A similar effect could explain the lack of response in patients taking oral corticosteroids, given that these drugs exert their detrimental effect on bone through different endocrine and autocrine mechanisms, inhibiting bone formation and facilitating the risk of fractures. Corticosteroids reduce the number of osteoblasts and inhibit their functions and stimulate the production of osteoclasts and increase their activity. Stimulation of PPAR-γ facilitates adipocyte formation and inhibits Wnt/β-catenin pathway, inducing osteocyte apoptosis. They also increase hypogonadism and renal calcium loss, decrease physical activity, GH and IGF-1 and induce muscle atrophy [24]. These alterations increase the risk of fractures especially in the first 6 months of treatment, a period in which bisphosphonates are less effective (specifically alendronate, the most commonly used in our cohort) [6, 25, 26]. It should be noted that the detrimental effect of oral corticosteroids has been observed at both doses evaluated (≤ and > 5 mg/day). This fact may be in contradiction with clinical practice guidelines that recommend active treatment to prevent osteoporosis in patients receiving ≥ 5 mg/day [3]. However, this refers to the general population, not necessarily to patients with osteoporosis. Hence, the present study shows a detrimental effect of oral corticosteroids, regardless of dose, in patients diagnosed with osteoporosis on active anti-osteoporotic treatment, mainly bisphosphonates.

Conclusion

This study evaluated the beneficial or detrimental effect of various drugs in a population of patients diagnosed with osteoporosis on active anti-osteoporotic treatment. The main outcome measure was the occurrence of incident fragility fractures (vertebral, humerus or hip) during a follow-up period of ≥ 1 year. In the "Discussion" section, we have analyzed the mechanisms of action of the different drugs evaluated on bone metabolism, finding that these effects are masked by treatment with anabolic or antiresorptive drugs that have a powerful action on bone remodeling. We have observed only two exceptions, letrozole, the most frequently used AI in the treatment of breast cancer, and oral corticosteroids in doses both ≤ and > 5 mg/day. These findings may have important clinical implications, as patients receiving these treatments are not fully protected with bisphosphonates, which could imply the need to prescribe more potent anti-osteoporotic drugs, such as denosumab or teriparatide, whose superiority in increasing bone mass and reducing fracture risk has been demonstrated in previous studies [27, 28].

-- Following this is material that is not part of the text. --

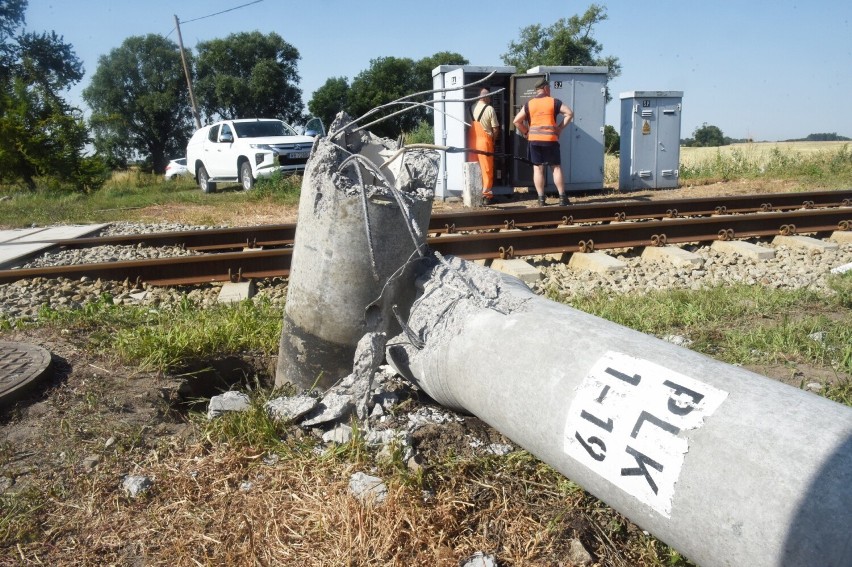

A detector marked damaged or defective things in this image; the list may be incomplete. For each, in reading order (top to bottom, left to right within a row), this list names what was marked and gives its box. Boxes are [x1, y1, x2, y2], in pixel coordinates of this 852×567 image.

rusty rail surface [1, 206, 844, 286]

The strengths of the present study are determined by the sample size, the method of data collection (protocolized electronic medical record) and the statistical analysis used, while the weaknesses are determined by the short follow-up period and the non-representation of certain drugs that may have a detrimental effect on bone remodeling.

In summary, the effect of the different drugs evaluated on the risk of fractures in patients diagnosed with osteoporosis on active anti-osteoporotic therapy is scarce. No beneficial effects were observed and only the use of AI such as letrozole and oral corticosteroids at doses ≤ and > 5 mg/day appear to have a detrimental effect on fracture risk.